**WHAT NEEDS TO BE DONE:**
Once the pictures are removed, return each record below exactly as written.

**SOURCE DATA:**
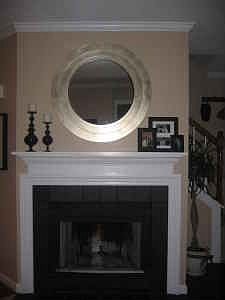 Wood-burning fireplace is focal point of living room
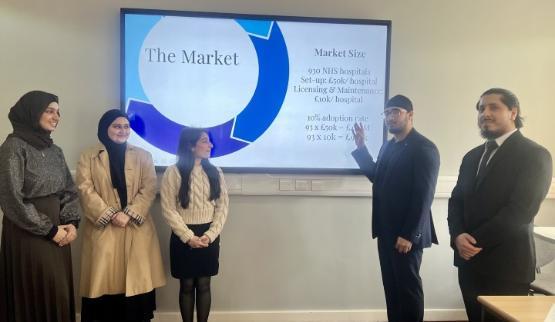 THree students stood on the left and another two students stood on the right present a pitch using a projector screen on a wall behind them THree students stood on the left and another two students stood on the right present a pitch using a projector screen on a wall behind them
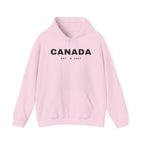 Pink hoodie with "CANADA EST. 1867" text and a maple leaf logo.
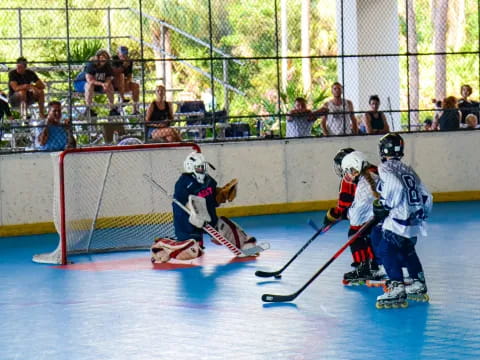 a group of people playing hockey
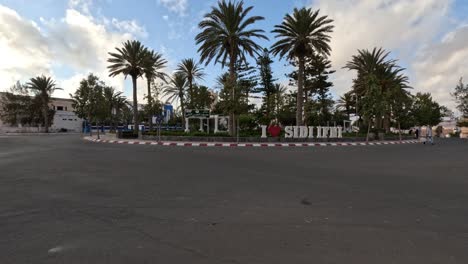 In-the-heart-of-Sidi-Ifni-City,-Morocco,-lies-a-charming-roundabout-adorned-with-graceful-palm-trees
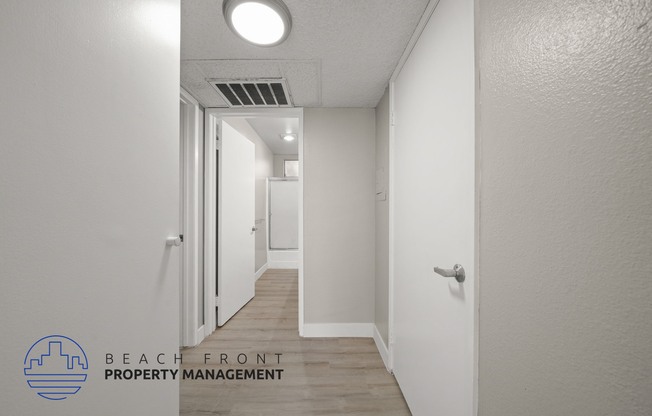 a renovated hallway with white walls and wood flooring and a door to a closet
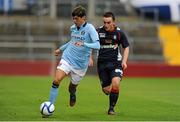5 August 2012; Luca Scapuzzi, Manchester City, in action against Shane Tracy, Limerick FC. Soccer Friendly, Limerick FC v Manchester City, Thomond Park, Limerick. Picture credit: Gareth Williams / SPORTSFILE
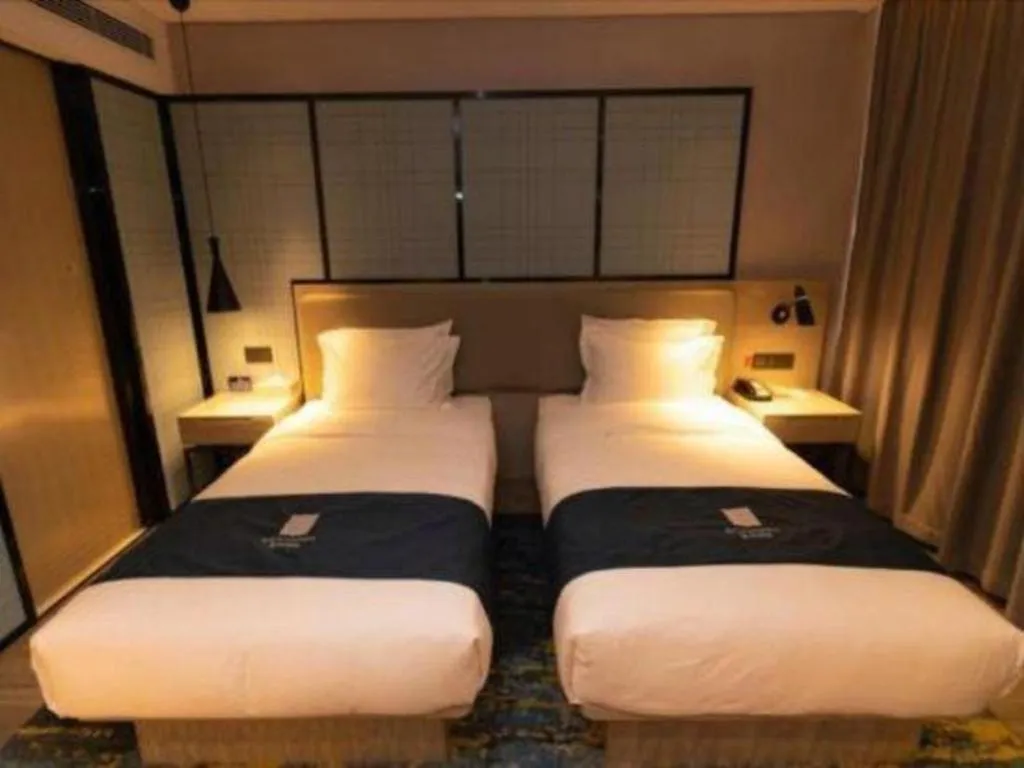 Bed in Echarm Hotel Zibo Gaoqing Zhongcheng Inernational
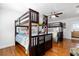 Spacious bedroom showcases two sets of bunkbeds and ceiling fan in a bright interior at 8834 Palmetto Rd, Edisto Island, SC 29438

**COMPLETED TASK:**
 Wood-burning fireplace is focal point of living room
 THree students stood on the left and another two students stood on the right present a pitch using a projector screen on a wall behind them THree students stood on the left and another two students stood on the right present a pitch using a projector screen on a wall behind them
 Pink hoodie with "CANADA EST. 1867" text and a maple leaf logo.
 a group of people playing hockey
 In-the-heart-of-Sidi-Ifni-City,-Morocco,-lies-a-charming-roundabout-adorned-with-graceful-palm-trees
 a renovated hallway with white walls and wood flooring and a door to a closet
5 August 2012; Luca Scapuzzi, Manchester City, in action against Shane Tracy, Limerick FC. Soccer Friendly, Limerick FC v Manchester City, Thomond Park, Limerick. Picture credit: Gareth Williams / SPORTSFILE
 Bed in Echarm Hotel Zibo Gaoqing Zhongcheng Inernational
 Spacious bedroom showcases two sets of bunkbeds and ceiling fan in a bright interior at 8834 Palmetto Rd, Edisto Island, SC 29438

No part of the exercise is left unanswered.